Saudin Huseinović

Personal information
- Date of birth: 19 December 1971 (age 54)
- Place of birth: Novi Pazar, SR Serbia, SFR Yugoslavia
- Position: Forward

Senior career*
- Years: Team / Apps / (Gls)
- 1993–1994: Novi Pazar
- 1995–1997: Borac Čačak / 72 / (17)
- 1998–1999: Rad / 45 / (9)
- 2000: Čukarički / 14 / (1)
- 2001–2002: Koper / 29 / (15)
- 2002: Korotan Prevalje / 9 / (5)
- 2003–2004: Novi Pazar
- Total:  / 169+ / (47+)

Managerial career
- 2008: Novi Pazar
- 2008–2009: Novi Pazar
- 2017: Novi Pazar (caretaker)

= Saudin Huseinović =

Serbian football manager and player

Saudin Huseinović (Саудин Хусеиновић; born 19 December 1971) is a Serbian football manager and former player.

==Playing career==
Huseinović played for Novi Pazar in the Second League of FR Yugoslavia, before joining First League club Borac Čačak in the 1995 winter transfer window. He later spent some time at Rad and Čukarički.
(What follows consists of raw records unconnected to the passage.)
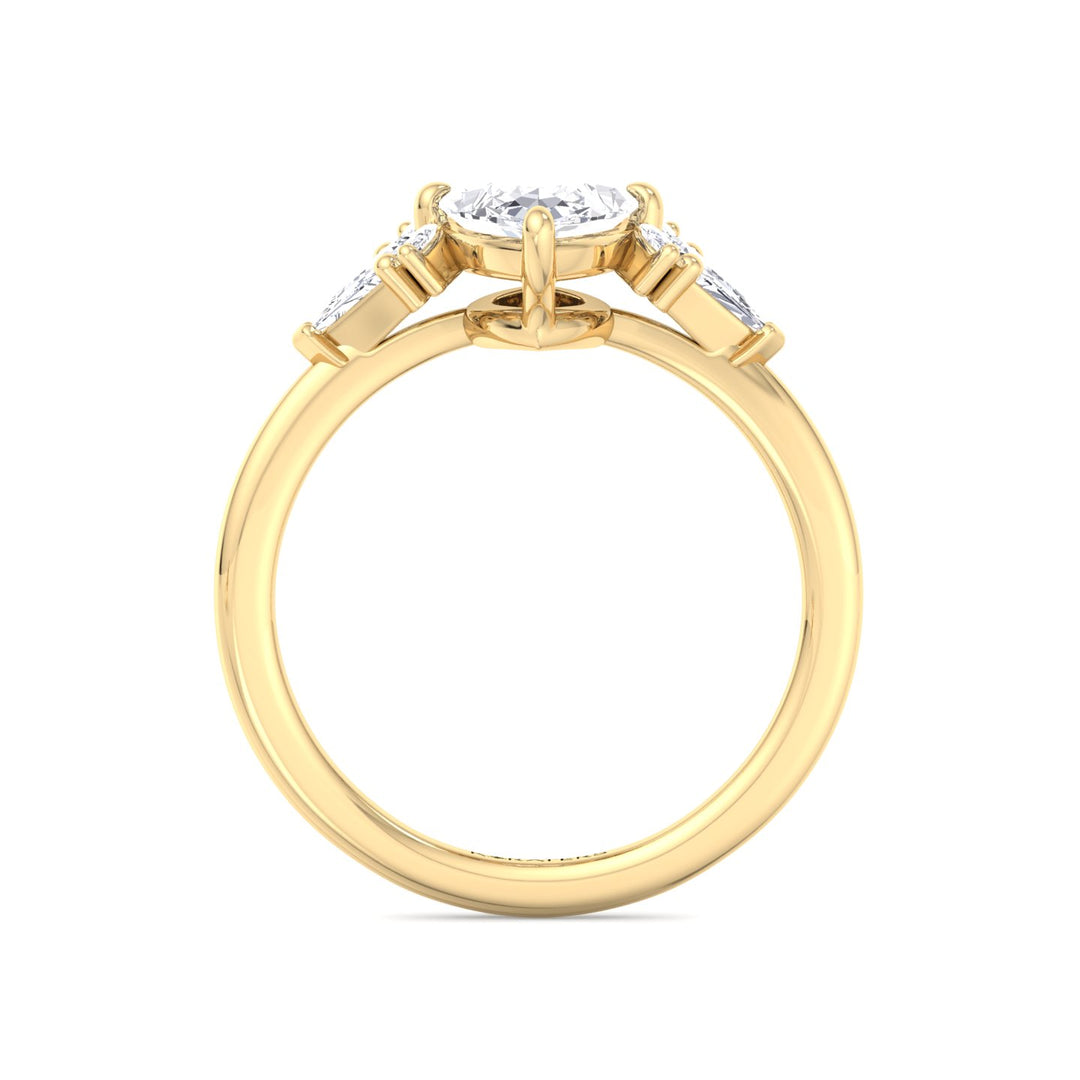 Helle-Marquise Shape Lab Yellow Gold Diamond Ring, Sidestones, Profile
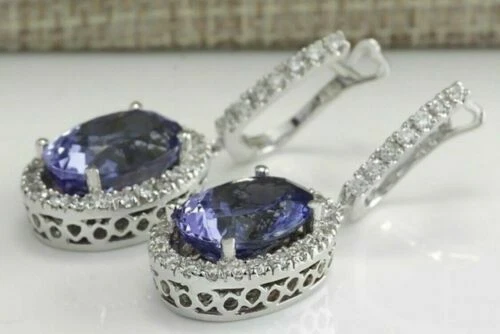 5.5 Ct Oval Simulated Diamond Blue Tanzanite Dangle Earrings 925 Sterling Silver - Image 4 of 4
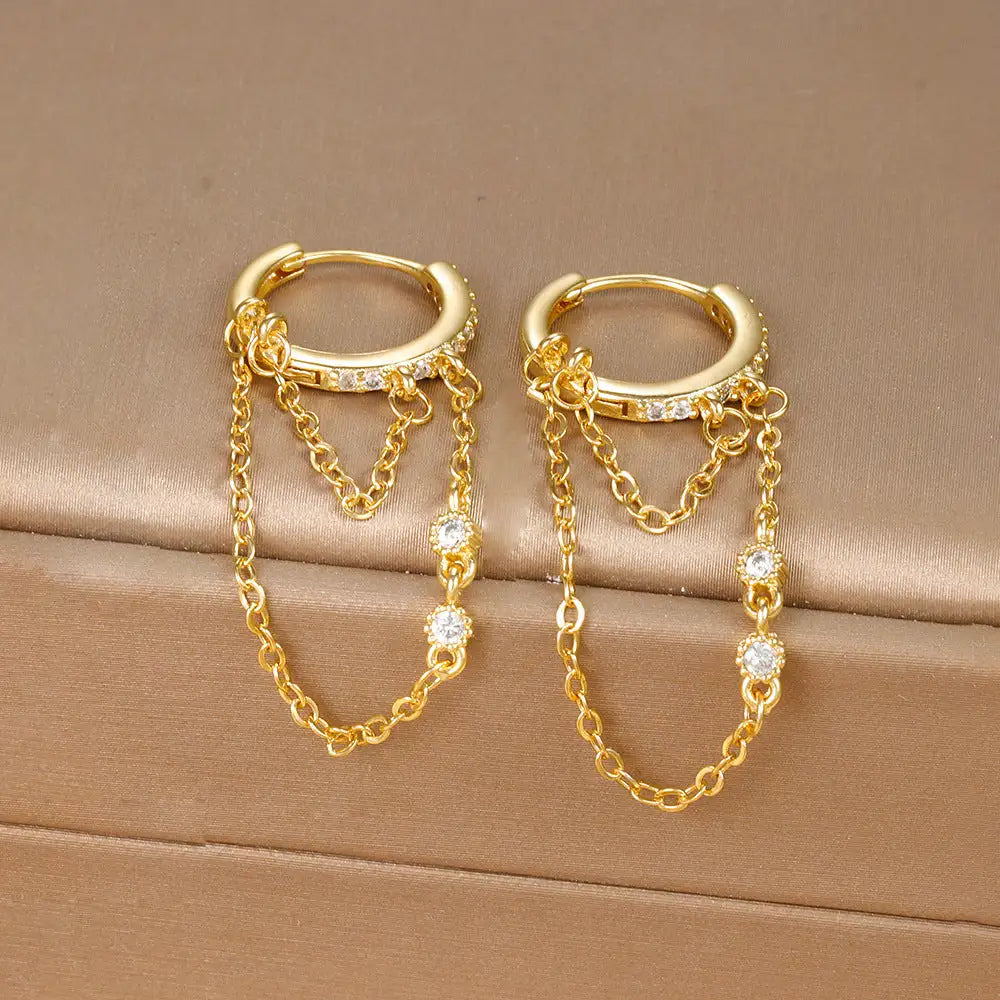 INS Chain Zircon Tassel Design Fashion Ear Ring - Lootquake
In the 2001 winter transfer window, Huseinović moved abroad to Slovenia to play for Koper, spending one and a half seasons with the club. He also briefly played for Korotan Prevalje, before returning to Novi Pazar.

==Managerial career==
After hanging up his boots, Huseinović served as manager of Novi Pazar on several occasions.